* _YOUR ASSIGNMENT_:
Find the line with "Unboxing The Benjamin Marauder Air Pistol" and the line with "Nice Renting - HONORE" in the entries below; output exactly those two lines, every line between them, and no others.
-=-=-
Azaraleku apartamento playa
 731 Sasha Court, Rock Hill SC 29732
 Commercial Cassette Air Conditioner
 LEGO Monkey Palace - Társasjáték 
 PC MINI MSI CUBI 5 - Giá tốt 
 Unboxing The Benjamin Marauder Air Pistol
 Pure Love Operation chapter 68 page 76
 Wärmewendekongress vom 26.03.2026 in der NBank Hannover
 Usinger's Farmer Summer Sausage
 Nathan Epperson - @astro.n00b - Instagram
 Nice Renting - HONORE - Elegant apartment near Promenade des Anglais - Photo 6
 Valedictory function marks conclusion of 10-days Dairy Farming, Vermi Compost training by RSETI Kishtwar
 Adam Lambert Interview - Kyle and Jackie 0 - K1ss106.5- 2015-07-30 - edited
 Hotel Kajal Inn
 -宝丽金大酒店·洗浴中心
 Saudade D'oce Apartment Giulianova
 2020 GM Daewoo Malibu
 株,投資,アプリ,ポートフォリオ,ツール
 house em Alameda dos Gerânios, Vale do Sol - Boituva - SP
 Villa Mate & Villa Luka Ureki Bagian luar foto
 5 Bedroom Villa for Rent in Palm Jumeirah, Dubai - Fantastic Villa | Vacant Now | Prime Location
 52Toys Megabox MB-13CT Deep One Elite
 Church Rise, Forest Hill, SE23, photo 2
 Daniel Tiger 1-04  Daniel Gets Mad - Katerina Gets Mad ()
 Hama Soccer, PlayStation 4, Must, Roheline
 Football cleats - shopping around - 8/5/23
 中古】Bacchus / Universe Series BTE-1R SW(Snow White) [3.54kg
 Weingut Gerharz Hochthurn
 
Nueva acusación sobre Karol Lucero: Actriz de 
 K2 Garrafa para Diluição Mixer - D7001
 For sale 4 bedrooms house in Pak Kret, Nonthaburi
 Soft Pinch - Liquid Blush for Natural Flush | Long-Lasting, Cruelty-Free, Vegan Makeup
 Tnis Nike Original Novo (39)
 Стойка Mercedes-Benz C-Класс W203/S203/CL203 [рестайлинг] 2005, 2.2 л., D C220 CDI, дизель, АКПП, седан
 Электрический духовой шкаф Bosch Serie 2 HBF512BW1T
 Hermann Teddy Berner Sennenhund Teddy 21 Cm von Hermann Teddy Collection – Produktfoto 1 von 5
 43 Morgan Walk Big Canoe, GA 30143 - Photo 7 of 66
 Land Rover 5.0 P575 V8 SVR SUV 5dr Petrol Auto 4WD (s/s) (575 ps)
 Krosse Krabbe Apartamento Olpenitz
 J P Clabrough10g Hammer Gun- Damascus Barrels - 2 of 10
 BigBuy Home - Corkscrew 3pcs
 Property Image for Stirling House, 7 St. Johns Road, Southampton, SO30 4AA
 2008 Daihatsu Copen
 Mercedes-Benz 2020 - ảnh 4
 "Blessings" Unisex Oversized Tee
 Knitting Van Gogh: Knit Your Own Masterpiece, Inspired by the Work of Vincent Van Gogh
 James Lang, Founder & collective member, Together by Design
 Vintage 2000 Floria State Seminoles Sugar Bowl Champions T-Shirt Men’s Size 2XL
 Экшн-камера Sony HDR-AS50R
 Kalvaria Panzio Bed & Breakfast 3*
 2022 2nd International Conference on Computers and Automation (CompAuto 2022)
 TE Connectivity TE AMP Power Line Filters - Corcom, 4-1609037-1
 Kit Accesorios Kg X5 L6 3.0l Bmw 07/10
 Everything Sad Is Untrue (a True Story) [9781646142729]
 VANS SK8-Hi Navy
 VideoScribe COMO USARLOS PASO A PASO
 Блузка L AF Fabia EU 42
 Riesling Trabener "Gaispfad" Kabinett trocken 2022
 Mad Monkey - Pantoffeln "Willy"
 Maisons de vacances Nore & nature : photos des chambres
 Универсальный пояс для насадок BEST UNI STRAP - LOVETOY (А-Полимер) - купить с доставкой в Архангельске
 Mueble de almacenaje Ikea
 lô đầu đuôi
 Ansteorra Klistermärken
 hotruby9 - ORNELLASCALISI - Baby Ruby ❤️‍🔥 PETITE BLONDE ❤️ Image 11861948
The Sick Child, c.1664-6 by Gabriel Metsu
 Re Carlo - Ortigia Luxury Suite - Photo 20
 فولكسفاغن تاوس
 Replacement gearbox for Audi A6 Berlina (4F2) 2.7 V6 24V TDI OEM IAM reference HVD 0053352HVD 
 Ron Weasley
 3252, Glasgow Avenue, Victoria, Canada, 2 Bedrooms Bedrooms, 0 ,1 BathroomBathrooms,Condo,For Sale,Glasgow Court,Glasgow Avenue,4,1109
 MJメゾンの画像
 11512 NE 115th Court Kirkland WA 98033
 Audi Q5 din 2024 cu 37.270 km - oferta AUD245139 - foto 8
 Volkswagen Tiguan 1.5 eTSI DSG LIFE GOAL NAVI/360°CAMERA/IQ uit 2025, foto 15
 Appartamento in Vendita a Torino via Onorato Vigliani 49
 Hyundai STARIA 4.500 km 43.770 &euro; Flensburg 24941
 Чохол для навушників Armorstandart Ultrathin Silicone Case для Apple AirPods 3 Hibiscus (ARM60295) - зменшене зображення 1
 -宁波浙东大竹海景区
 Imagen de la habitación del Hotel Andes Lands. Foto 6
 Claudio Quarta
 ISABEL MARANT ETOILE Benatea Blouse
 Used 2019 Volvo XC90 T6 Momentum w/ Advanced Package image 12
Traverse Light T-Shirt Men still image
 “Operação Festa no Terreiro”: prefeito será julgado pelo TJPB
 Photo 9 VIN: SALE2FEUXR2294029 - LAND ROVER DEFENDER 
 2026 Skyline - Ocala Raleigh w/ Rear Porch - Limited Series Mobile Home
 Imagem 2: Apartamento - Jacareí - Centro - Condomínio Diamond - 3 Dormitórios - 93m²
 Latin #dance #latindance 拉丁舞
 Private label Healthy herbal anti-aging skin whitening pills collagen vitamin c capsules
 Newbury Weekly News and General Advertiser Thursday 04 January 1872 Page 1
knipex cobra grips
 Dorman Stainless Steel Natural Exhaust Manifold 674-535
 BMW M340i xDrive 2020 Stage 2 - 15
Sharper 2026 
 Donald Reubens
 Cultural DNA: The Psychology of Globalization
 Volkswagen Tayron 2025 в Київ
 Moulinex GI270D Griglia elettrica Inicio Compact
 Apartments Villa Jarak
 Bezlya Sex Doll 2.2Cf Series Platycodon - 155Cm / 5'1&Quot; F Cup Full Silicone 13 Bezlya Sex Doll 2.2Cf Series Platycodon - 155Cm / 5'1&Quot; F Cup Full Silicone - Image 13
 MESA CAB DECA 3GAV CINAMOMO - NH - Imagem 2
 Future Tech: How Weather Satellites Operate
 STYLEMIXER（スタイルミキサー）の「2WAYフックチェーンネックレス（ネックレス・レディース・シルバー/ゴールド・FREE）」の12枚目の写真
-=-=-
* _SOLUTION_:
 Unboxing The Benjamin Marauder Air Pistol
 Pure Love Operation chapter 68 page 76
 Wärmewendekongress vom 26.03.2026 in der NBank Hannover
 Usinger's Farmer Summer Sausage
 Nathan Epperson - @astro.n00b - Instagram
 Nice Renting - HONORE - Elegant apartment near Promenade des Anglais - Photo 6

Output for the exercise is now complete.